Vítima de violência policial, mulher negra pisada no pescoço por PM é denunciada por quatro crimes em SP

Denúncia da promotora Flavia Lias Sgobi, ajuizada na 2° Vara Criminal do Foro Regional de SP, acusa mulher por quadro delitos: infração de medida sanitária preventiva, desacato, resistência e lesão corporal. Em processo na Justiça Militar, porém, PMs são réus por lesão corporal e abuso de autoridade. 


A promotora de Justiça Flavia Lias Sgobi ofereceu denúncia nesta terça-feira (19), por quatro crimes, uma mulher negra vítima de violência policial durante uma ocorrência em maio de 2020, em Parelheiros, na Zona Sul de São Paulo. Vídeos, que mostram a ação dos policiais militares, foram revelados, em julho de 2020, pelo "Fantástico", da TV Globo. 

Em entrevista ao "Fantástico", na época, a vítima relatou: "Quanto mais eu me debatia, mais ele apertava a botina no meu pescoço". 

No depoimento, ela também citou o caso de George Floyd, homem negro assassinado em Minneapolis no dia 25 de maio de 2020, estrangulado pelo policial branco Derek Chauvin. 
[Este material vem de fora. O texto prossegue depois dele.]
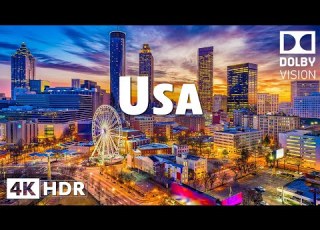  4K USA From New York To Los Angeles Deep House Chill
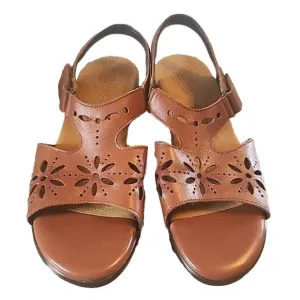 Size 9 SAS Womens Sunburst Sandal Tripad Comfort Made In Usa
"Achei que iria ser morta como ele [George Floyd]. Eu estava no chão e lembrava daquela cena dele. Achei que iria morrer ali", disse a mulher, naquela ocasião, ao programa Encontro, também da TV Globo, lembrando do caso do norte-americano negro morto por policiais durante uma abordagem em maio de 2020. 

O caso foi noticiado até fora do país. À época, o governador de São Paulo, João Doria (PSDB), declarou que reprovava a ação dos policiais descrita pela reportagem. 

Em processo na Justiça Militar, porém, os PMs são réus por lesão corporal, abuso de autoridade, falsidade ideológica e inobservância de regulamento. Eles respondem pelos crimes em liberdade. Estão afastados das atividades de rua, trabalhando internamente na corporação. 

Na denúncia oferecida nesta terça, de quatro páginas, obtida pela GloboNews, a vítima é acusada dos seguintes delitos: infração de medida sanitária preventiva, desacato, resistência e lesão corporal (neste caso, os policiais militares são as vítimas das agressões). 

O caso decorre do fato de o Ministério Público Estadual entender que a ocorrência em Parelheiros consistiu em um caso de desrespeito às normas sanitárias em que a mulher negra e outros dois homens desacataram e até agrediram os policiais militares. 

Ocorre que esta versão, dada pelos próprios policiais no dia da ocorrência, e, portanto, antes de os vídeos virem à tona, já tinha sido apresentada no 25° Distrito Policial (Parelheiros). 

Com um agravante: os policiais - dois agentes - foram denunciados pelo mesmo MP Militar por terem, na avaliação da Promotoria de Justiça, mentido na delegacia. 

A denúncia do MP Militar contra os dois policias é de junho deste ano e os acusa também por quatro crimes: lesão corporal, falsidade ideológica, abuso de autoridade e inobservância de regulamento. 

Esses policiais nunca foram presos em razão de envolvimento nesse caso. 

 

Análise 

Na avaliação do advogado Felipe Morandini, que defende a mulher negra vítima de violência policial, a denúncia causa perplexidade. 

"Em acompanhamento processual, para minha surpresa e estarrecimento, recebi a notícia de que minha cliente foi denunciada pelos crimes de infração à medida sanitária preventiva, desacato, resistência e lesão corporal em face dos Policiais Militares que a agrediram, de forma brutal", diz Morandini. 

"Mesmo após a notícia ter se espalhado o mundo, e causado revolta em todos, a mesma foi ignorada pelo membro do Ministério Público, que se baseou nas informações do Boletim de Ocorrência. Ignorou as imagens que foram noticiadas, e são de conhecimento público. Trabalharei incansavelmente pela defesa da comerciante, e principalmente, para que esta denúncia seja rejeitada pelo juízo. Não é (e não pode ser) possível que fatos notórios como estes sejam ignorados pelo Órgão Ministerial no momento de denunciar qualquer um que seja", concluiu o defensor.